Friday, March 30, 2012

Cool New Blog Features

Okay, I just found these features to incorporate into the blog. You’ll find both at the bottom of the blog post, under the “Posted by” line. The first is “Labels”. This allows me to categorize each post according to content: Cruising, Boats, Nature, etc. In the right-hand sidebar is a cloud of labels, so if you want to look at posts in a particular category, just click on that word in the cloud. The size of the word indicates the relative number of posts in that category; the larger the number, the more posts. The second feature is “Location”. Click on this, and a map will pop up, showing you the location the blog refers to. Try it out!

Wednesday, March 28, 2012

Underwater Movie, But You Don’t Have To Watch It To Enjoy

Why? Try turning up the sound on your computer, closing your eyes and clicking on the start button (position your arrow over the start button first, unless you’re really bored and want to try to find it with your eyes closed). What exactly are you listening to? Humpback whales! We went snorkeling north of Pigeon Island, St. Lucia. The terrain was so-so. But we dove down and were surrounded by whale song. It was fantastic! I nearly passed out trying to see how long I could stay under. Sometimes you could hear it faintly from the surface, if you stayed real still and kept your ears underwater. But below – I kept expecting the whales to loom out of the distance, they sounded so close. It’s times like this that make all those dang floating-hydroid stings worth it.

Access the video at

Tuesday, March 27, 2012

Little Dipper Restaurant in Woburn, Grenada

Chris relaxing with a local Stag beer while we wait for lunch

We don’t go out to eat often, and when we do, it’s usually lunch at some local place.
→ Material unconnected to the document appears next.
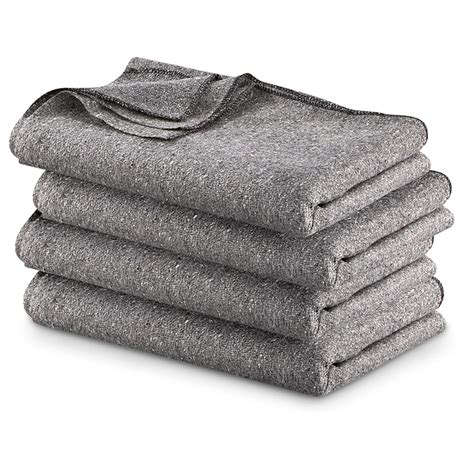 Fire Resistant Wool Blanket Warm Grey 62 X 80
We try to avoid the typical marina/tourist places – they take too big a bite out of our budget. The great thing is, there are lots of places where you can get a delicious, inexpensive meal. In Grenada, I read about the Little Dipper Restaurant, which was perched on the hillside just above our anchorage (directions for cruisers: dinghy in to Whisper Cove, walk out to the main road, take a left and walk down the hill a ways). We went for lunch one day and enjoyed not only the spectacular view of Clarkes Court Bay, but also a huge plate of food—chicken, carrots/beans/squash medley, potatoes, salad, and breadfruit—for the reasonable price of $9 US each (which actually is more than we usually pay). The food was all fresh (we’ve gotten previously frozen veggies in some more expensive places) and prepared while we waited. We didn’t need dinner that night!
Mr Mac is anchored by the hilly island on the left

Well-Dressed Damsel

 A species of fish we see often while we’re snorkeling is the yellowtail damselfish (Microspathodon chrysurus). The juvenile is stunning; one to two inches long, deep blue in color with fluorescent blue spots. They virtually glow in dim light. With age, the spots fade until they’re only visible along the top of its head and back, and its tail turns bright yellow. They’re always something fun to look for when we’re underwater.


Wednesday, March 21, 2012

Exciting News in the Mr Mac Boathold!

It seems that the influence of our nautical lifestyle has been a boon for Chris’ writing. The fourth and final Scimitar Seas novel is at the publisher, and will be released this summer. These books have won a couple of national awards, and garnered acclaim for being “…refreshingly different” (as reviewed by Ed Greenwood, creator of the Forgotten Realms, for those of you familiar with Dungeons and Dragons). Check them out at

Now Chris has signed a contract for a pirate novel with Paizo.  In addition to putting out great products for role playing games, they also publish Pathfinder Tales, a line of books set in the Pathfinder world of Golarion. Chris will be joining a fine line-up of authors who have written Pathfinder Tales. We are so very excited!

Wednesday, March 7, 2012

Check out the New Website!

Background for new website. All the photos except for the schooner are ours!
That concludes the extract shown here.